Delay of Disclosure of Inside Information
The UK's Financial Conduct Authority (FCA) published its 19th edition of the Primary Market Bulletin on 11 June, 2018. The FCA is consulting on a proposed update to its existing guidance note on periodic financial information and inside information1.
Inside InformationUnder Article 17 of the Market Abuse Regulation (MAR)2, an issuer must:
- inform the public as soon as possible of inside information that directly concerns that issuer; and
- post and maintain on its website, for at least five years, all inside information which it is required to disclose publicly.
Under Article 17(4) of MAR, an issuer may delay disclosure of inside information if:
- immediate disclosure is likely to prejudice the issuer's legitimate interests;
- delay of disclosure is not likely to mislead the public; and
- the issuer is able to ensure the confidentiality of the information.
Article 17(4) requires an issuer to notify the FCA if it has delayed the disclosure of inside information and provide an explanation of the delay if the FCA requests.
In October 2016, ESMA published guidelines which set out a list of situations in which an issuer may have legitimate interests in delaying the disclosure of inside information as well as a list of situations in which delay of disclosure of inside information is likely to mislead the public. The list is indicative and non-exhaustive.
The Updated Note
The proposed FCA technical note uses the example of the preparation of a periodic financial report to illustrate its recommendations on the process for identifying and handling inside information.
When preparing its periodic financial reports, an issuer should assess on an on-going and case-by-case basis whether the information it holds satisfies the criteria of inside information in Article 7 of MAR. In doing so, the issuer should start from the assumption that information relating to financial results could constitute inside information.
The note sets out the following guidelines for the assessment of such information:
- issuers should exercise judgment and should conduct the ongoing assessment in good faith;
- issuers should record and be able to submit evidence of the assessment process to the FCA on request; and
- issuers should not take a blanket approach to the assessment of the status of the information they hold.

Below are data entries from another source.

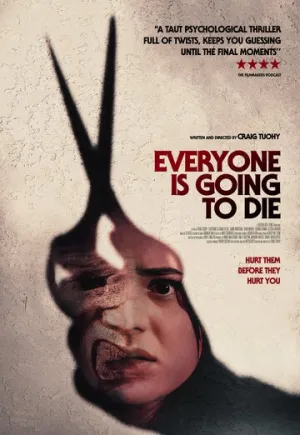 Все скоро умрут / Everyone Is Going to Die (2024)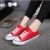 Import Wholesale Lace Up Canvas Athletic Shoes from China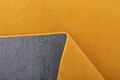 Vorwerk® Uni-Velours, safrangelb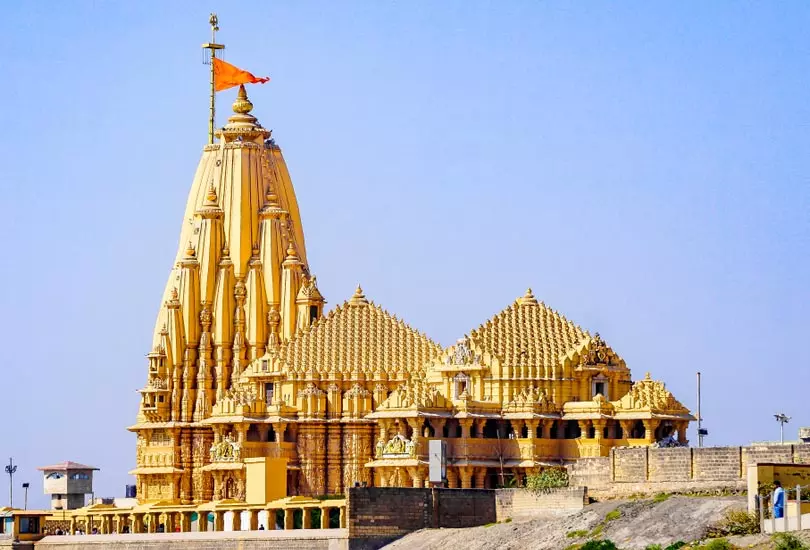 Somnath Temple, Gujarat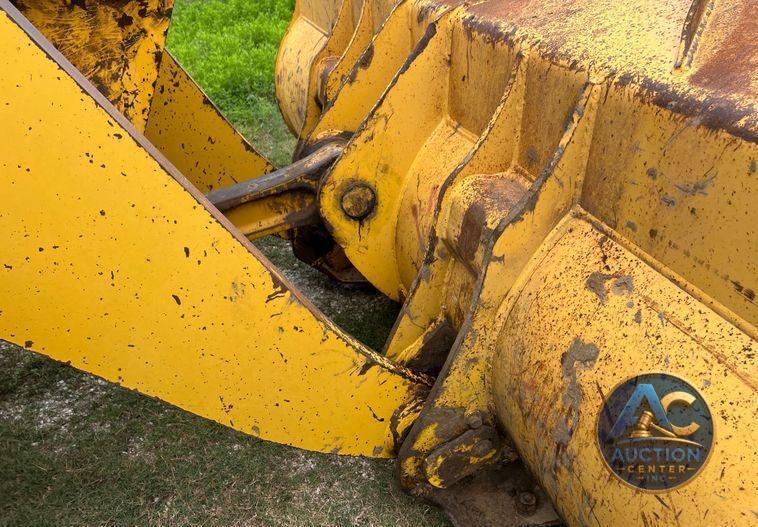 2014 Komatsu WA470-7 wheel loader
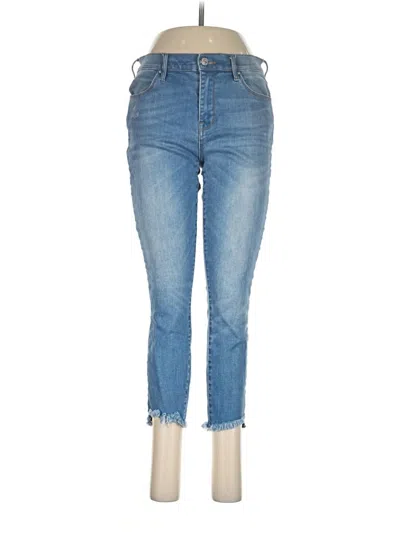 Pre-owned Pacsun Jeans In Blue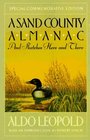 A Sand County Almanac and Sketches Here and There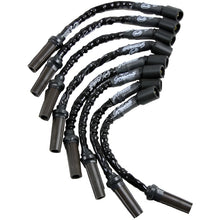 Load image into Gallery viewer, Granatelli 99-23 GM Truck/SUV V8 (Excl 8.1L) Hi-Perf Coil-Near-Plug Conn Kit w/9in Lead/Blk Jacket Granatelli Motor Sports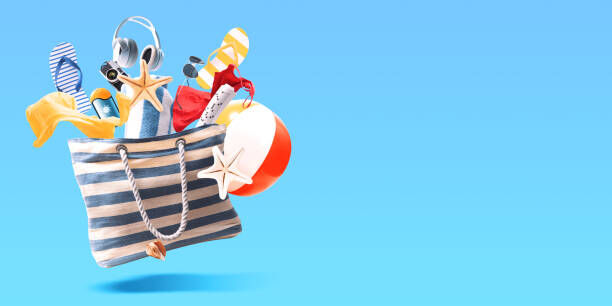 Beach Accessories Set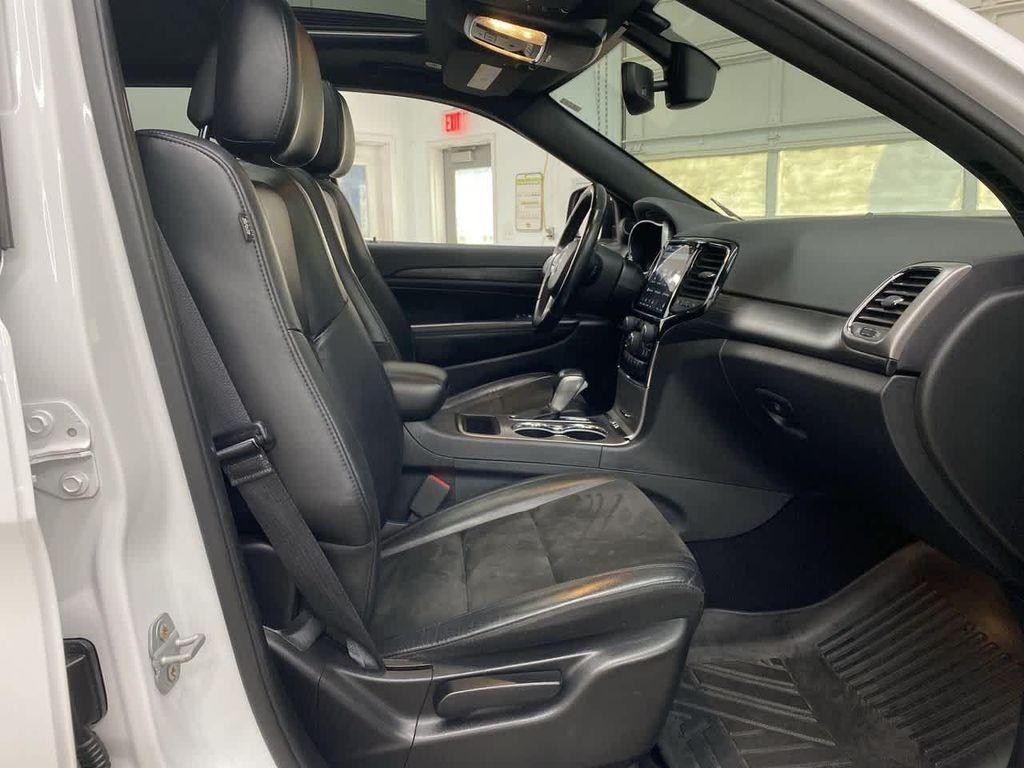 used 2020 Jeep Grand Cherokee car, priced at $19,990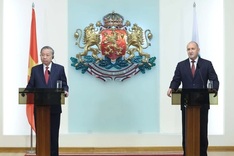 Vietnam, Bulgaria advances relations to Strategic Partnership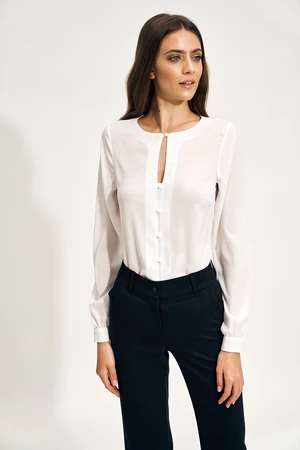 Nife Woman's Blouse B143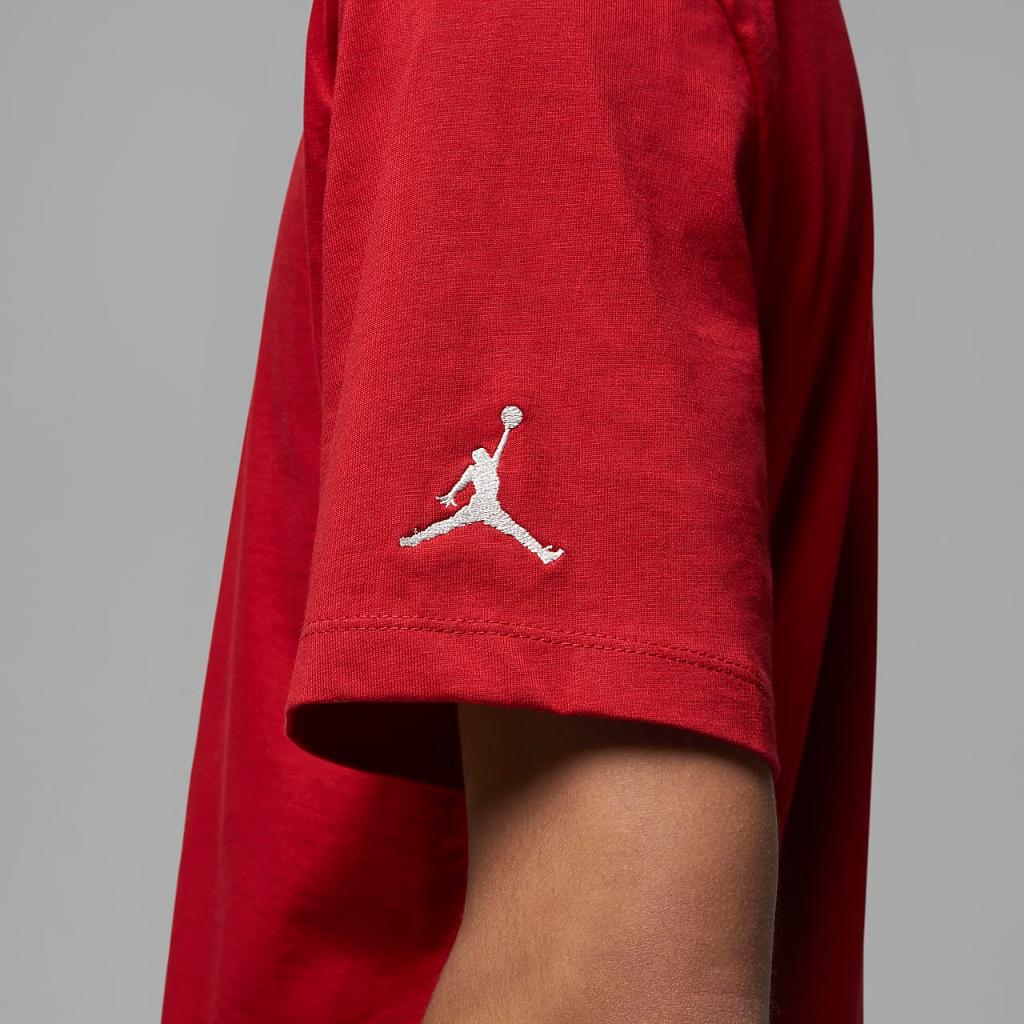 Jordan Air Men&#039;s T-Shirt DM3182-687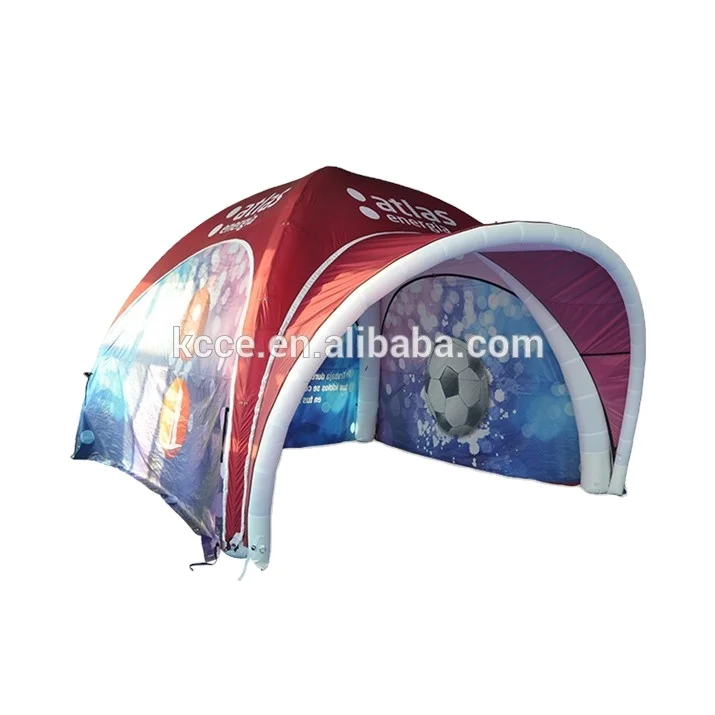 waterproof Inflatable floating tent//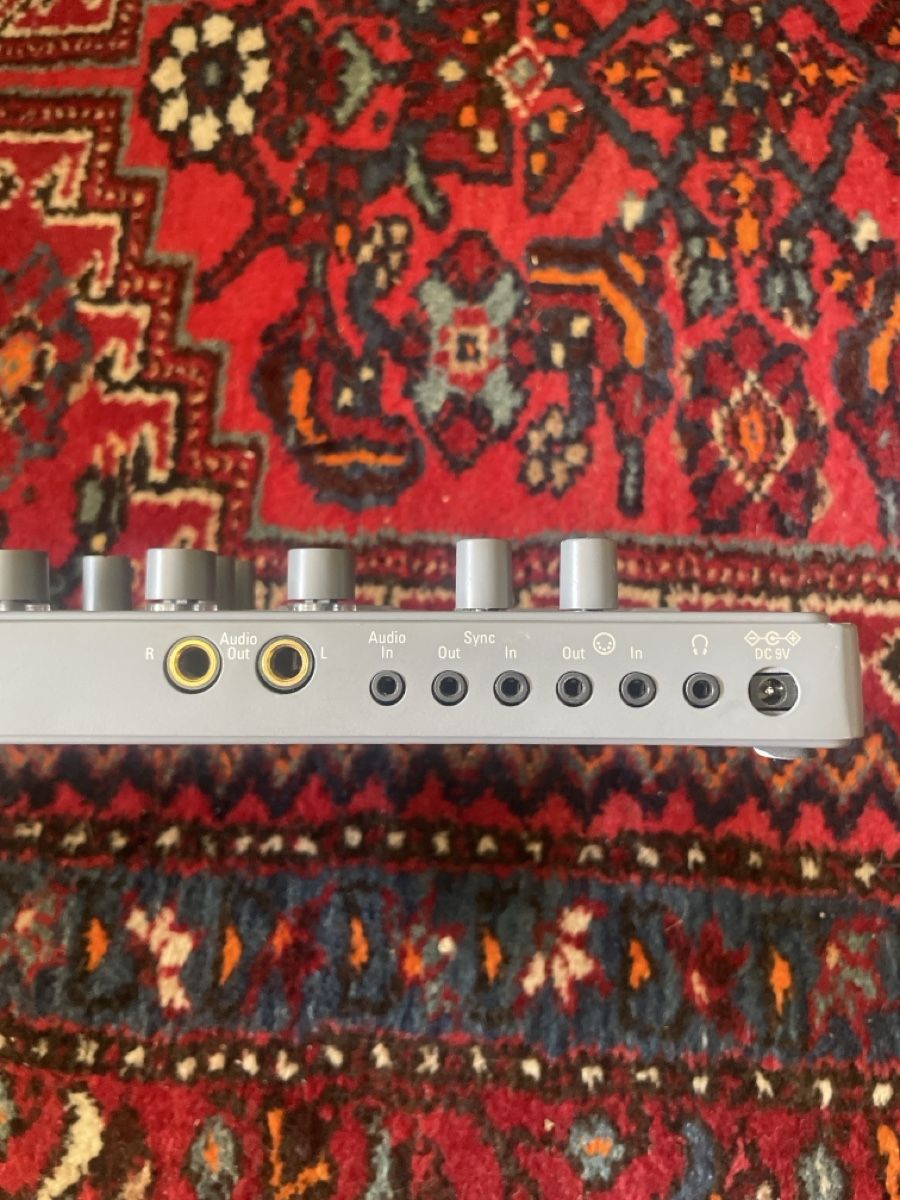 Korg Strumenti musicali: Korg Electribe 2 – Usato da Kaltbrunn venduto da ketchow 2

Once it has been established that information constitutes inside information, the FCA considers that disclosure may be prejudicial to the issuer's legitimate interests where:
“the issuer is in the process of preparing a periodic financial report and immediate public disclosure of information to be included in the report would impact on the orderly production and release of the report and could result in the incorrect assessment of the information by the public.”
The FCA notes that in many cases, the issuer will be able to draft an appropriate announcement which allows the public to undertake a correct assessment of the inside information. However, it accepts that in some cases such assessment will not be practicable other than through publication of the full financial report.
As with the initial assessment of the status of information, the note states that issuers should assess both the existence of a legitimate interest and the question of whether delay of disclosure is likely to mislead the public on an ongoing and case-by-case basis.
The note concludes with a reminder that when an issuer has delayed the disclosure of inside information in accordance with Article 17(4) MAR, it is required immediately following disclosure of the information to inform the FCA that disclosure of the inside information was delayed. The issuer must be able to provide the FCA upon request with a written explanation of how the conditions permitting such delay were satisfied.
Comments on the proposal should be submitted by 23 July 2018.
If the proposals are approved, the revised technical note will offer some guidance on the identification and disclosure of inside information, particularly in the context of preparing periodic financial reports.
Firstly, the FCA makes clear that the decision-making process when identifying and disclosing or delaying disclosure must be subjective. A blanket approach will not be sufficient and issuers should take a more nuanced approach.
Secondly, issuers should take care to keep written records of such decisions and should be prepared to produce evidence to the FCA as to how information has been categorised and how a legitimate interest which allows for a delay in disclosure has been determined to exist.
Thirdly, the note sheds some light on the type of situation in which immediate disclosure would be likely to prejudice the issuer's legitimate interests. Taken alongside the ESMA guidance, it potentially opens the door to delaying disclosure on new sets of facts. However, although the proposals are to be welcomed, it is worth bearing in mind that the FCA has stated that both it and ESMA interpret Article 17(4) of MAR narrowly.